On Thursday or Friday of last week, Steve had discovered a nasty Heisenbug. The release version of our code was sometimes giving different results, with no changes to input data, execution parameters, or executable. (The debug version was not giving any discrepancies.)
Any computer jock will understand that this gave us the heebie-jeebies. This sort of bug is the worst type of bug to track down and debug.
Steve, though, is a big QA stud. Over the weekend, he managed to trim down a massive input set to find a single document that would fairly regularly have variant output. We owe a lot to him; without his narrowing down the problem like that, I would probably have just thrown up my hands in defeat.
Steve had also found a discrepancy in the output from the tracer that corresponded to the discrepancy in the output. (Steve had gotten very familiar with this bug, so familiar that he had named the bug "Werner".)
That was where things stood when I came into work today. I looked at the discrepant tracer output. It was just an indicator of problems elsewhere, not a direct evidence of the problem. But it gave me a basis for putting trace statements elsewhere, and those trace statements led us nearer to the heart of the discrepancy.

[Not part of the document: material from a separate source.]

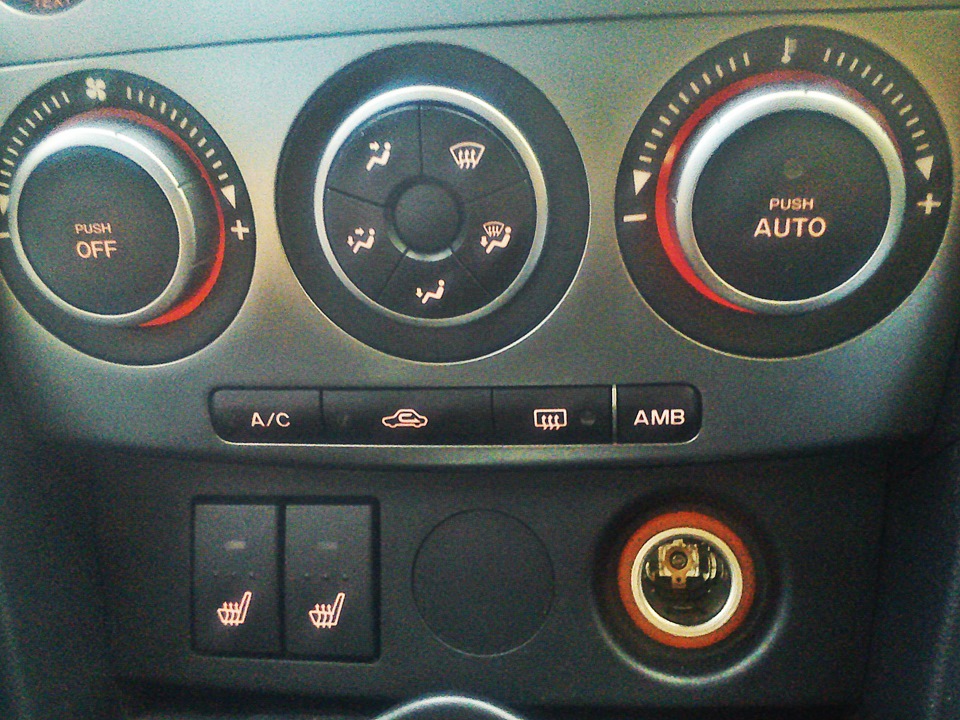 Подогрев мазда 3. Кнопка обогрева заднего стекла Мазда 3 БК. Кнопка вентиляции салона Мазда 3. Мазда 3 2005 год кнопка обогрева заднего стекла. Mazda 3 2007 лампочки подогрева сидений.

With that new evidence, we were better able to understand the discrepancy. We saw that one of the results was clearly wrong--it was identifying an email address of the form 'firstname.lastname@example.org' as 'email@example.com'. (The other result was just somewhat wrong.) This twigged a memory--I had seen that misbehavior in the course of debugging. We fired up the debugger and confirmed that we were able to replicate that misbehavior.
We were still uncertain about why it would be nondeterministic, but we decided to pursue this bug. We asked Mike to look at it with us. This turned out to be just the right thing to do, because the bug turned out to be in a portion of the code within his domain of expertise. It turned out to be an off-by-one error in one of the most deeply hackish portions of the code. In fact, this turned out to explain a screwy bug we had observed in an entirely different product.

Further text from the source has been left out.